Compact sets as point spectrum of a bounded operator

It is well known that if $K$ is any compact set in $\mathbb{C}$, then there exist a bounded linear operator $T:l_2\to l_2$ such that $\sigma(T)=K$. My questions are:

Q1) Does there exist $T$, a bounded linear operator on $l_2$ such that the point spectrum $\sigma_p(T)$ is the given $K$? That is, the only eigenvalues are the complex numbers in $K$?

Q2) Does there exist $T$, a bounded linear operator on $l_2$ such that $\sigma(T)=\sigma_p(T)=K$. That is, there are no other points in the spectrum except the eigenvalues in $K$?

Clearly a positive answer to Q2) implies a positive answer to Q1).


To answer Q1, we can say exactly when a subset of $\mathbb{C}$ can be realized as the point spectrum of a bounded linear operator on $\ell^2$.

Theorem: A set $K\subseteq\mathbb{C}$ is equal to the point spectrum of a bounded linear operator $T\colon \ell^2\to \ell^2$ if and only if $K$ is bounded and is the union of countably many closed sets (an Fσset).

In fact, we can go a little bit further. If $K$ is contained in the open ball $B_R(0)$ for some $R > 0$ then it is possible to choose $T$ such that $\Vert T\Vert=R$.

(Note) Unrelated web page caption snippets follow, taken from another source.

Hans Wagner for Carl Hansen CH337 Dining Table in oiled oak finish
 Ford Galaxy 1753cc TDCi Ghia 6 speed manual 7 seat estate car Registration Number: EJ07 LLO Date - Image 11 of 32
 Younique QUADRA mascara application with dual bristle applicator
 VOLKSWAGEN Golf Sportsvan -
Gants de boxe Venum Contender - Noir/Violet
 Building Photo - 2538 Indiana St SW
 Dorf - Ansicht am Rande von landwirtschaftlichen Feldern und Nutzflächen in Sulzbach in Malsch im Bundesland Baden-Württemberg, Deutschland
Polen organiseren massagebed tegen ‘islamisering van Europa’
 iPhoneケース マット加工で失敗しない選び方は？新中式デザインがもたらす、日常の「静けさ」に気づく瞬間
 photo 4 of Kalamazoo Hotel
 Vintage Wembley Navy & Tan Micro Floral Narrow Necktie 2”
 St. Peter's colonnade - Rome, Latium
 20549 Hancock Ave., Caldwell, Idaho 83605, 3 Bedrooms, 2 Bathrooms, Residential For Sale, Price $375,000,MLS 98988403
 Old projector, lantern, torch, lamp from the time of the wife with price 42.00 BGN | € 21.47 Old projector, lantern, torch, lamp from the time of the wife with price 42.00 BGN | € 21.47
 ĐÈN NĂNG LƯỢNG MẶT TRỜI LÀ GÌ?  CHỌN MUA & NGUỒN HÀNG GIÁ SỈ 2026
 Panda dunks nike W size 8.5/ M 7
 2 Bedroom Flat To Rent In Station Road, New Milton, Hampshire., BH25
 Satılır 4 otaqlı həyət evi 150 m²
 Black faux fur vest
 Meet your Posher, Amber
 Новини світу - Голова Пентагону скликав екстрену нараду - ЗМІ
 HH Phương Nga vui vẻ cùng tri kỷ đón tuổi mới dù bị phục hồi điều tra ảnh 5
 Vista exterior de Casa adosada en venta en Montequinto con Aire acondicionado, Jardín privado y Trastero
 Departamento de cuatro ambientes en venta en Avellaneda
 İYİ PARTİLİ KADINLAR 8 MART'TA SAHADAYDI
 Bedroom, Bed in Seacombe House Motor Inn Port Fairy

Before constructing $T$ with the given point spectrum, I'll quickly prove the converse. If $K=\sigma_p(T)$ then $K$ is a bounded Fσ set (this will use the fact that $\ell^2$ is a Banach space whose dual is separable). First, $K$ is contained in the spectrum $\sigma(T)$, which is contained in the closed ball $\bar B_R(0)$ for $R=\Vert T\Vert$ (by standard properties of bounded operators), so is bounded. Next, let $B=\lbrace x\in \ell^2\colon\Vert x\Vert\le 1\rbrace$ be the closed unit ball in $\ell^2$ with the weak topology, which is compact. Then, $B^0\equiv B\setminus\lbrace0\rbrace$ is σ-compact. In fact, choosing any dense sequence $u_1,u_2,\ldots$ in $\ell^2$, we can explicitly write $B^0$ as the union of compact sets $$ B^0=\bigcup_{n=1}^\infty\lbrace x\in B\colon\vert\langle u_n,x\rangle\vert\ge1\rbrace. $$ Set $C=\lbrace (x,\lambda)\in B^0\times\mathbb{C}\colon Tx=\lambda x\rbrace$ with the product topology which, being a closed subset of $B^0\times\mathbb{C}$, is σ-compact. Defining the continuous map $\pi\colon C\to\mathbb{C}$ by $\pi(x,\lambda)=\lambda$, then, $\sigma_p(T)=\pi(C)$ is σ-compact and, hence, is an Fσ set.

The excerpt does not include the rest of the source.